William H. “Ten-Cent Bill” Yopp; Company H of the 14th Georgia

Residence: Laurens County, GA
Enlisted on 7/9/1861 as a Drummer-Colored. On 7/9/1861 he mustered into “H” Co. GA 14th Infantry. He was surrendered on 4/9/1865 at Appomattox Court House, VA.

After the war, now a free man, he returned to the Yopp plantation in Georgia and worked there until 1870. He then secured a job as bell boy at the Brown House in Macon. From there he went to New York, California, Europe, and then worked as a porter on the private car of the President of the Delaware and Hudson Railway.
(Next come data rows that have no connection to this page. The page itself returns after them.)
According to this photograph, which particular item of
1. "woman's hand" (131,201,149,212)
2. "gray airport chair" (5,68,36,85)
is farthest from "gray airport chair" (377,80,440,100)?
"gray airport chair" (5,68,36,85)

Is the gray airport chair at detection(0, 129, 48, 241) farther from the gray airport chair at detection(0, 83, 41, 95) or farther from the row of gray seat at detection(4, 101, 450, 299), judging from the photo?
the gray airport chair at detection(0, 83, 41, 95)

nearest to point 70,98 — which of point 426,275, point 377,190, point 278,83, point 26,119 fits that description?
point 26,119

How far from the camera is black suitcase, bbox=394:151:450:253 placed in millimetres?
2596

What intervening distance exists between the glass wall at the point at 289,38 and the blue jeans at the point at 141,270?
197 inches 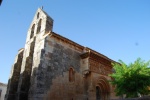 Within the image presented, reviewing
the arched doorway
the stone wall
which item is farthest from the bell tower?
the arched doorway

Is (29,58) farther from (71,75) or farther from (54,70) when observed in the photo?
(71,75)

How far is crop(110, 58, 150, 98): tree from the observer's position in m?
11.7

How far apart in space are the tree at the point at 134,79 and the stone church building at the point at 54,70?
224 cm

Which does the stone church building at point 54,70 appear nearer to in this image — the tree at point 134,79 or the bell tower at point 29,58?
the bell tower at point 29,58

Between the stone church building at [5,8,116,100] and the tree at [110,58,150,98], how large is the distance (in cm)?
224

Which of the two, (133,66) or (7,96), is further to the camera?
(7,96)

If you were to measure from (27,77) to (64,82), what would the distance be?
323 centimetres

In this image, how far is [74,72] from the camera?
1352 centimetres

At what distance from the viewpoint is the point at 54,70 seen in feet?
39.5

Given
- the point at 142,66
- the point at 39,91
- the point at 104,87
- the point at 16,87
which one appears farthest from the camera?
the point at 104,87

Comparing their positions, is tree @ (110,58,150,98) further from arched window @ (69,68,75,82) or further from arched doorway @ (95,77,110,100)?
arched window @ (69,68,75,82)

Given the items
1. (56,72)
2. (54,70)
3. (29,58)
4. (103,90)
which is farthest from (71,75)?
(103,90)

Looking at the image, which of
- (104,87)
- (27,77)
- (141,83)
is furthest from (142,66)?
(27,77)

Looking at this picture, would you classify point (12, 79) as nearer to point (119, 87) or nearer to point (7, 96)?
point (7, 96) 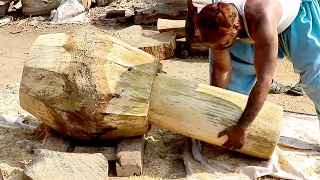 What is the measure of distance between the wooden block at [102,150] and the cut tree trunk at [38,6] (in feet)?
17.9

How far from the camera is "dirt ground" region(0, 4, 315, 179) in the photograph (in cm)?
386

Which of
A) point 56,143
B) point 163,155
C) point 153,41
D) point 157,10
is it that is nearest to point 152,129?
point 163,155

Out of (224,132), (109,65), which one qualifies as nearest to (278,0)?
(224,132)

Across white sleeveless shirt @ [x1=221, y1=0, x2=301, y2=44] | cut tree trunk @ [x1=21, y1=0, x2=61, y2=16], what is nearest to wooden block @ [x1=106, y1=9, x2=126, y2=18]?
cut tree trunk @ [x1=21, y1=0, x2=61, y2=16]

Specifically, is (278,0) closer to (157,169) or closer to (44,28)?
(157,169)

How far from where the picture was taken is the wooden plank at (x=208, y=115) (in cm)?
365

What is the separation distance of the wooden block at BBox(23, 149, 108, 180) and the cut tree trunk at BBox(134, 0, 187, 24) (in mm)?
4322

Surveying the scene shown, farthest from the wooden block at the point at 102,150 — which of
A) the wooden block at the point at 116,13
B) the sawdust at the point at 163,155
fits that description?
the wooden block at the point at 116,13

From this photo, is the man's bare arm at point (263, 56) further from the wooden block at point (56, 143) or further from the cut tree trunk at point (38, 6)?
the cut tree trunk at point (38, 6)

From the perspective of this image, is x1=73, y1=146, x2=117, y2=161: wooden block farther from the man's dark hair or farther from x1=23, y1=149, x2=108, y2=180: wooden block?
the man's dark hair

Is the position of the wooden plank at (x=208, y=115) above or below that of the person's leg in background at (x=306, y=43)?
below

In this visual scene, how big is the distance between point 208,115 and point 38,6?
6044mm

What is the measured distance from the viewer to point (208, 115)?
367 cm

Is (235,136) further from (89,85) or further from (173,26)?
(173,26)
In his later years he returned to Georgia to find his former master, Captain T. M. Yopp, ready to be enrolled in the Confederate Soldier’s Home in Atlanta. Bill was a frequent visitor to the home, not only to see his former master but the other Confederate veterans

as well. At Christmas, with the help of the Macon Telegraph, he raised enough money to give each resident in the home $3.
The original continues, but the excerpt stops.